Intensive Political Activities
The assessment visit which increasingly demanding IMF experts are paying to Bucharest has greatly overshadowed the domestic political convulsions.
01 Noiembrie 2010, 16:53
The IMF’s interlocutor, the government made up of the Liberal Democratic Party, the PDL, the Democratic Union of Ethnic Hungarians in Romania, the UDMR, and the National Union for the Progress of Romania, the UNPR, has survived the censure motion introduced by the social-democrat, liberal and conservative opposition.
The motion targeting the tough austerity measures taken by the government was voted by only 219 MPs, 236 votes being necessary for the cabinet of liberal-democrat Prime Minister Emil Boc to be brought down.
Supported by the vocal protests of some 30,000 unionists dissatisfied with the government’s economic and social policies, rallied before the Parliament building, the motion for the first time occasioned the boycott staged by the heads of the ruling coalition parliamentary groups.
To prevent any faulty voting, they would not let the majority MPs cast their votes. Though he thus stayed in office, with no vote in his favour, the Prime Minister did not conceal his satisfaction, believing that the failure of the motion was a victory of reason over “populism and demagogy” that the opposition had allegedly practiced.
On the contrary, for the opposition leaders, the fact that the ruling coalition MPs were forbidden to vote is the best proof that the rulers have gone into a flat spin.
Victor Ponta, the leader of the Social-Democratic Party, the PSD, and Crin Antonescu, the leader of the National Liberal Party, the PNL, hope to be more successful with the latest censure motion filed against the Education Law, for which the government assumed responsibility, which involves Parliament’s no-confidence vote.
Disapproved of by the teachers’ unions, but endorsed by a part of civil society blaming the Romanian educational system for its uncompetitive character, the law might be passed by the majority MPs who are teachers and professors.
Otherwise, pundits are not quite convinced that the opposition really wants the motion to be successful. The paper ROMANIA LIBERA, which is generally neutral, says that credited by opinion polls with 30% of the voting intentions, the PSD, “does not want the fall of the Boc government right now”.
The paper further says that the reason for that is simple,”a little time is still left until the 2012 elections, actually enough time for the popularity of the PSD to drop as much as that of the PDL in case the former now came to power.”
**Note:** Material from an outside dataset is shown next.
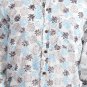 Block Shop Hand Block Print Fabric Natural Cotton Voile Floral Fabric&Acirc;&nbsp;Shirt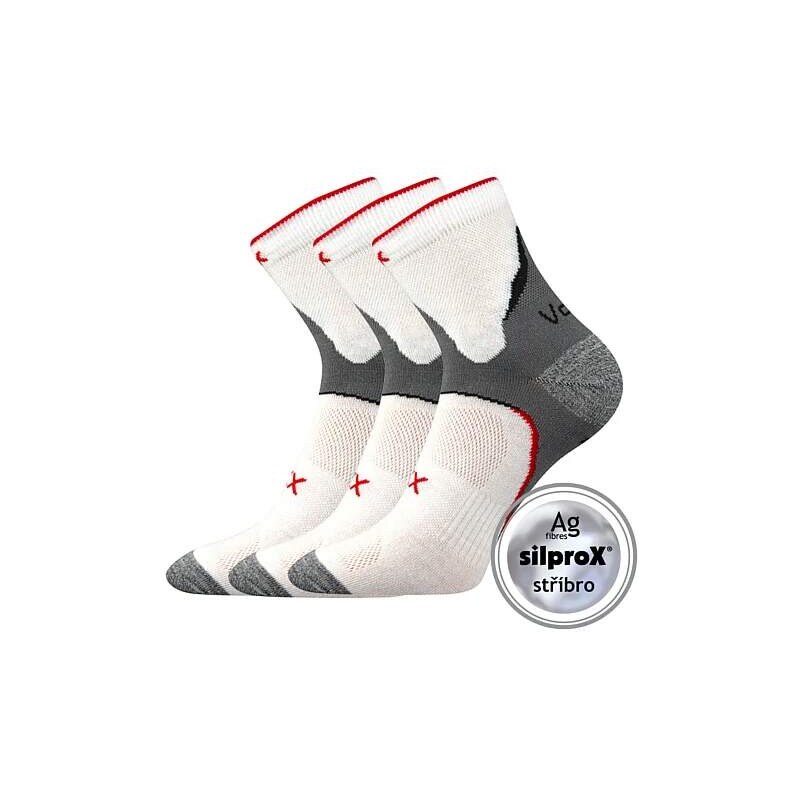 MAXTER antibakteriálne ponožky so striebrom VoXX biela 35-38 3 páry 62353527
In half a year, the PDL’s popularity dropped from 35% to almost 15%. ROMANIA LIBERA further writes, “it is far more efficient for the PSD to stay as far as possible from the responsibilities of power and harass the PDL, so that it may rank as high as possible in the polls on the eve of the elections” and thus be able to negotiate the future government membership from a leading position with the PNL, credited with about 20%.
Consistently siding with the power, the paper EVENIMENTUL ZILEI carries a survey according to which the PDL will not drop below 15-20% either and, “ if 2012 sees economic recovery, then, the PDL will fare much better”.
An old connaisseur of Romanian political life, to which he has devoted a few books, professor Tom Gallagher from the University of Bradford in Great Britain estimates that President Traian Basescu and the government, “are far from covering themselves with glory through the way in which they understood to fight the crises taking Romania in their grip.
Their great luck has been the operetta opposition they are faced with - noisy selfish people hating each other”. However, Gallagher warns, “ Boc and Basescu will have to understand that such a luck does not last for ever; that is why, they had better urgently restore the communication channels with society, clearly disillusioned with an incapable government”.
(Radio România Internaţional, Serviciul în limba engleză).